* [Source material]:
§

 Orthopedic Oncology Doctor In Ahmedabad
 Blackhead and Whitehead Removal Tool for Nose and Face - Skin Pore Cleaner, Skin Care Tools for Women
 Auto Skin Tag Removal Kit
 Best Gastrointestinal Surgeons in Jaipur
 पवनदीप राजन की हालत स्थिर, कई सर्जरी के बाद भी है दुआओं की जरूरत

§

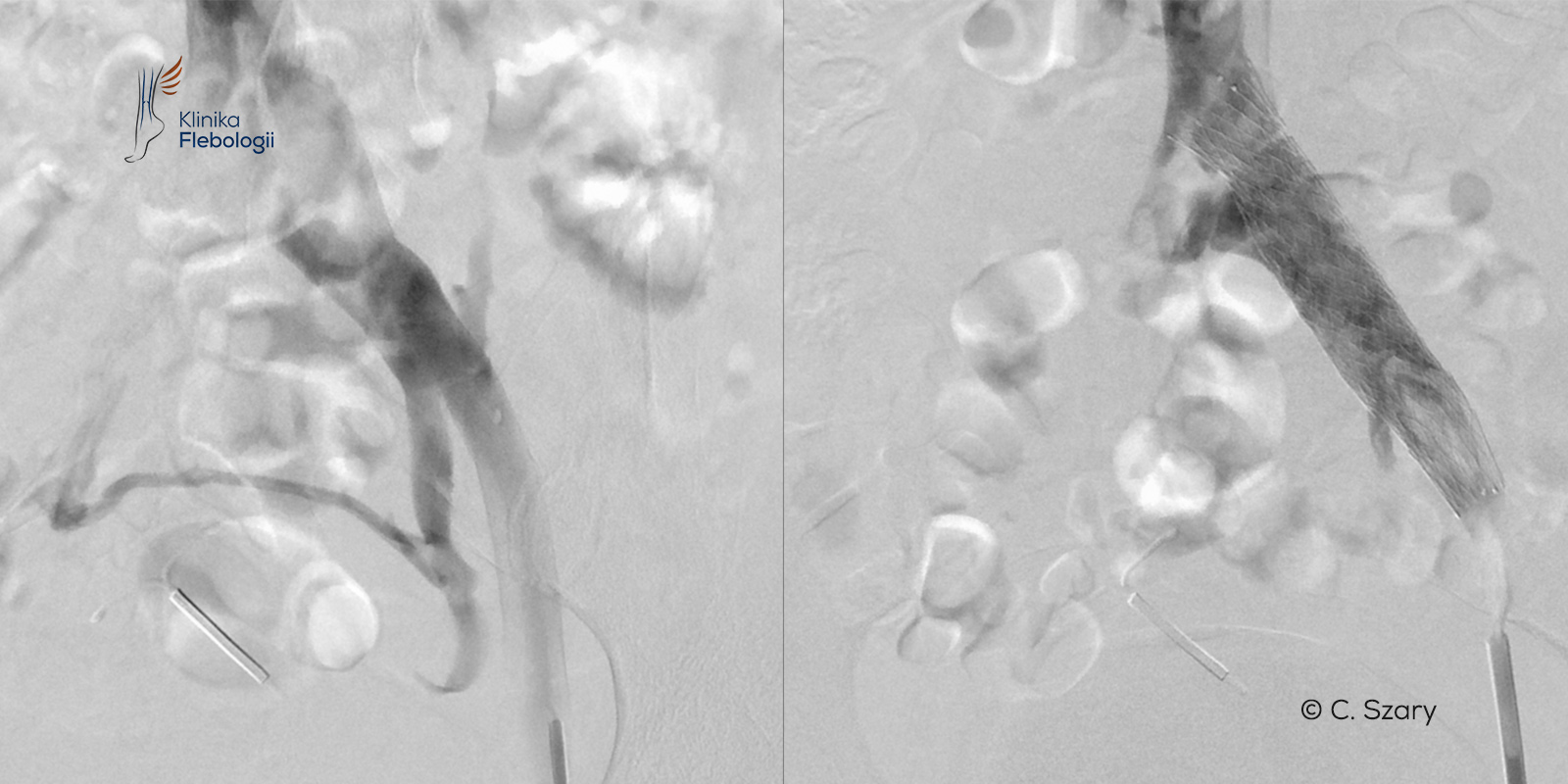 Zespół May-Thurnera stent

§

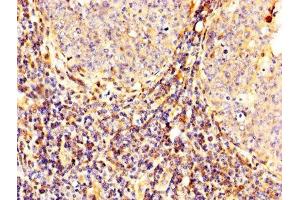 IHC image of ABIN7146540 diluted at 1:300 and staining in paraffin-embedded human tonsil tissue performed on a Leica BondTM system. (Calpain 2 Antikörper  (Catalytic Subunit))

§

The lines above starting at the one that contains "Orthopedic Oncology Doctor In Ahmedabad" and ending at the one that contains "पवनदीप राजन की" must be transcribed exactly, and no other lines may appear.

* [Solution for this task]:
 Orthopedic Oncology Doctor In Ahmedabad
 Blackhead and Whitehead Removal Tool for Nose and Face - Skin Pore Cleaner, Skin Care Tools for Women
 Auto Skin Tag Removal Kit
 Best Gastrointestinal Surgeons in Jaipur
 पवनदीप राजन की हालत स्थिर, कई सर्जरी के बाद भी है दुआओं की जरूरत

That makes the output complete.